Oceanside’s Matthew Guglielmo is aspiring to perfection | Herald Community Newspapers

Matthew Guglielmo made history when he became the first male cheerleader to compete at Oceanside High School, where he served as a senior cheerleading team captain and was called up to All County. Now a Class of 2022 graduate, he has expanded his accolades by becoming a national collegiate champion as a member of the University of Delaware cheerleading team in the Universal Cheerleaders Association National Competition.

Guglielmo, 18, a three-year varsity athlete at Oceanside, was named to the All-Long Island second cheerleading team and the All Division as a junior. He then sent out a highlight reel that led to him being recruited by the University of Delaware coaches.

However, his journey began with gymnastics in middle school, where a cheer coach convinced him to try cheerleading.

“I just fell in love with it and then stuck with it and tried it for high school,” he said. “Being applauded was kind of the perfect sport for me.”

When he heard the news that he was Oceanside’s first-ever male cheerleader, he found it fascinating — but he said that wasn’t why he tried it.

“For me, it was just doing what I wanted to do,” he said, “and I thought it was fun and I really enjoyed it.

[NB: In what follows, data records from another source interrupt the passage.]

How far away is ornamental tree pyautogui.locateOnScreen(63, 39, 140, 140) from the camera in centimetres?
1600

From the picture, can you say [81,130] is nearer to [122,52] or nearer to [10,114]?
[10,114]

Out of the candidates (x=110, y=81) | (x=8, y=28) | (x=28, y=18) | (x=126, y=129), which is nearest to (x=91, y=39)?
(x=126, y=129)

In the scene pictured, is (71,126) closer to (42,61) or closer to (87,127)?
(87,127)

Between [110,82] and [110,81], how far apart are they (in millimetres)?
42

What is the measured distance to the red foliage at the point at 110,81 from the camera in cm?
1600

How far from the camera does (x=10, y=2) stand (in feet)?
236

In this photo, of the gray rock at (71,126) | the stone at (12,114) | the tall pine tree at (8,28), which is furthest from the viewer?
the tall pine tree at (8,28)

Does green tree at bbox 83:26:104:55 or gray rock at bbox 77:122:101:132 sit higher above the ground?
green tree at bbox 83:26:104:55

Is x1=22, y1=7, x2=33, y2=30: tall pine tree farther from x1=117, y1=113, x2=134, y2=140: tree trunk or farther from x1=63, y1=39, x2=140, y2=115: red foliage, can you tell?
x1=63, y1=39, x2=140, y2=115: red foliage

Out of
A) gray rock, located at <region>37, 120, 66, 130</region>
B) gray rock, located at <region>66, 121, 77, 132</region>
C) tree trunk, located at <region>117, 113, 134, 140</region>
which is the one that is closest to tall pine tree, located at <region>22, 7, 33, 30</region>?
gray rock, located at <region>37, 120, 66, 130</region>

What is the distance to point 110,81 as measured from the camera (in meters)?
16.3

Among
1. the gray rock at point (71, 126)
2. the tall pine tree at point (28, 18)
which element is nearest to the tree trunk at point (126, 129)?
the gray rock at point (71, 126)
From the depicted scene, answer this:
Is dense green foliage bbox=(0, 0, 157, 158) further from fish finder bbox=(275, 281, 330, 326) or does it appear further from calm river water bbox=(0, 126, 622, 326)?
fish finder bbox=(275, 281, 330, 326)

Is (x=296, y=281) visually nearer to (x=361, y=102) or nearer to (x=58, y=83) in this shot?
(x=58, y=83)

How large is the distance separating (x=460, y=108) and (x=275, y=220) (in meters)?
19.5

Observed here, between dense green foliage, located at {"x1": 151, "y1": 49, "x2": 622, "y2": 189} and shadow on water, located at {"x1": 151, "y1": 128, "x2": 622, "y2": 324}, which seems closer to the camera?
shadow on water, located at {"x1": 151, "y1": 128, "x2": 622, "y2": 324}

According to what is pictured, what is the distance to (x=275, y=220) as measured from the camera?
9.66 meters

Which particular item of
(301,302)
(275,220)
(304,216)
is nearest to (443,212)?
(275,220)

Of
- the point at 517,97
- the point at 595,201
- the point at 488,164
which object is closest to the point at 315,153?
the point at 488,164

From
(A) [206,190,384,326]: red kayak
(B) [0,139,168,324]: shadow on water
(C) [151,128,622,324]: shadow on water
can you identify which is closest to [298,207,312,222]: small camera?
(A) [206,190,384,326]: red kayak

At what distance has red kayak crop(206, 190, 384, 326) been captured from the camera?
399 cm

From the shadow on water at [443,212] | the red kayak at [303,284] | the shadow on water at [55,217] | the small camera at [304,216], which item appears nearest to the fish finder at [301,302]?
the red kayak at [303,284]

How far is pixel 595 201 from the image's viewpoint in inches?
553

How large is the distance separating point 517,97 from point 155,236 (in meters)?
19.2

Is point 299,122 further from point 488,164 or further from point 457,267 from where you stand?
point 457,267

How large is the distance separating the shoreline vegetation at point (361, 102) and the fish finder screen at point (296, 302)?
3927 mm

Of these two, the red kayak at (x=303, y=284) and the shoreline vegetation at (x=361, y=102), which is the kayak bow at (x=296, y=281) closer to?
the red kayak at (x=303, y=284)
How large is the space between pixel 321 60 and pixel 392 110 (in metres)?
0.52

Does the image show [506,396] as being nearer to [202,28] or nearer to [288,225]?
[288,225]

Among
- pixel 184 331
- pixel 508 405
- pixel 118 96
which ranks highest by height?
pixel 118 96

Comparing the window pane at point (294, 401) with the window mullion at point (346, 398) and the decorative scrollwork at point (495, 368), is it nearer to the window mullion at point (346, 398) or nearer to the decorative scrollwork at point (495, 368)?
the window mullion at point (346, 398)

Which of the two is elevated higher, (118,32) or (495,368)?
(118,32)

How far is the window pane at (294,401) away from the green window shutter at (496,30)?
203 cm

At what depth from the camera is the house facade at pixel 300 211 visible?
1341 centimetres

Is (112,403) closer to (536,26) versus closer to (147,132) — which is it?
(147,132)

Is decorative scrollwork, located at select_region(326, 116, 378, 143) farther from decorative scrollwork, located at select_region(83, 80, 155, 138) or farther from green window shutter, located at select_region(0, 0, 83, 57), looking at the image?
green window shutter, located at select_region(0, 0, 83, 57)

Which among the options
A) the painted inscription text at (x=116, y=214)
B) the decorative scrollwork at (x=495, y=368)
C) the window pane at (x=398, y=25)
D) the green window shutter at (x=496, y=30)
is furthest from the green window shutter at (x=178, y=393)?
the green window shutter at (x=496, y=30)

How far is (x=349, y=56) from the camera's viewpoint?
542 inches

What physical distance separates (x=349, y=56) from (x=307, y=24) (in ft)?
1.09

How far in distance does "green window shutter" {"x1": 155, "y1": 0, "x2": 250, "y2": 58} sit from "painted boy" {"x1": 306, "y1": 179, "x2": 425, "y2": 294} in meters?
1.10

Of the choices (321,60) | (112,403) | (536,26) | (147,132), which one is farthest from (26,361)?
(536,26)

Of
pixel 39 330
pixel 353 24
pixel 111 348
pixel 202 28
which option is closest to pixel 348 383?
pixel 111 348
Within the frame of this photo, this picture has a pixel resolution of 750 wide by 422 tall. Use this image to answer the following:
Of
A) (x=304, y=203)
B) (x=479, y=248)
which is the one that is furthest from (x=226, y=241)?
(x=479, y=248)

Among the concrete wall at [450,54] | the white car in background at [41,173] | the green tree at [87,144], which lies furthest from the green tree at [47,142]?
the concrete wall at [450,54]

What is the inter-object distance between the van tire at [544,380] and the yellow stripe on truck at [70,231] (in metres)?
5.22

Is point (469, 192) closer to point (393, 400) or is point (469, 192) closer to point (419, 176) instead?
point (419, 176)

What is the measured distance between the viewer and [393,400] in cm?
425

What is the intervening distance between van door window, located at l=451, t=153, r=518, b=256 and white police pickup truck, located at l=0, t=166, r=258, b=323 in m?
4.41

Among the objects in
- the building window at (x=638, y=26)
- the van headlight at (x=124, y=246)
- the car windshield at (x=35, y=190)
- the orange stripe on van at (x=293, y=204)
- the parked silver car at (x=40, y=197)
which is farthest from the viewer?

But then, in my freshman year of high school, it kind of clicked more because I was the first guy on Oceanside Cheer and I started participating in a competitive routine. That’s when I kind of realized I was making history for the district.”

If other young men want to try it, Guglielmo hopes “that they know that they can do it and that there is nothing wrong with it,” says Guglielmo.

During his junior year, Guglielmo began planning for college and realized two things: He wanted to keep Pursucheer, and he wanted to study landscape architecture. The University of Delaware, where he just finished his freshman year, has excellent programs for both. While architecture is his primary goal, he would like to cheer and possibly train on the side in the future.

His freshman semester ended on a high note, which was confirmed by his national competition win for him that all his practice hours have paid off and confirms that he is on the right track.

“You spend the whole year training for this competition,” he said, “and we have games to show our skills and to perform, but it’s not the same. While like UCA nationals you only compete, your graduation routine is like last time. So everything boils down to this moment. So there is a lot of pressure. And it’s easy to know that you and your team will do a good job when it counts.”

Being on a team with more experienced athletes was intimidating for him, he said, but he added, “You have to trust them and know they’re going to do their job and you’ll do yours. Cheering is very dangerous stuff, especially as the years go by and people try more and more things. So concussions are common, broken bones, broken fingers.”

The main goal is to make everything look as effortless as possible while putting in as much effort as possible. “You have to make the crowd believe that you can (cheer) 10 times out of 10, even if you can’t,” he said. “You have to do the hardest skills you have that are still clean and looking good.”

Guglielmo said he couldn’t do it without the Oceanside coaches who got him there – Kristen Pizzuto, assistant coach; Jillian Edelman junior varsity coach; and Samantha Chaback, varsity coach. Everyone continues to cheer him on from afar.

“I learned everything I knew from them. They gave me the foundation to get to where I am,” he said.

“Matty made history for Oceanside not only as our first male competitive cheerleader, but also as our first national collegiate champion,” said Chaback, “we are so proud of him.”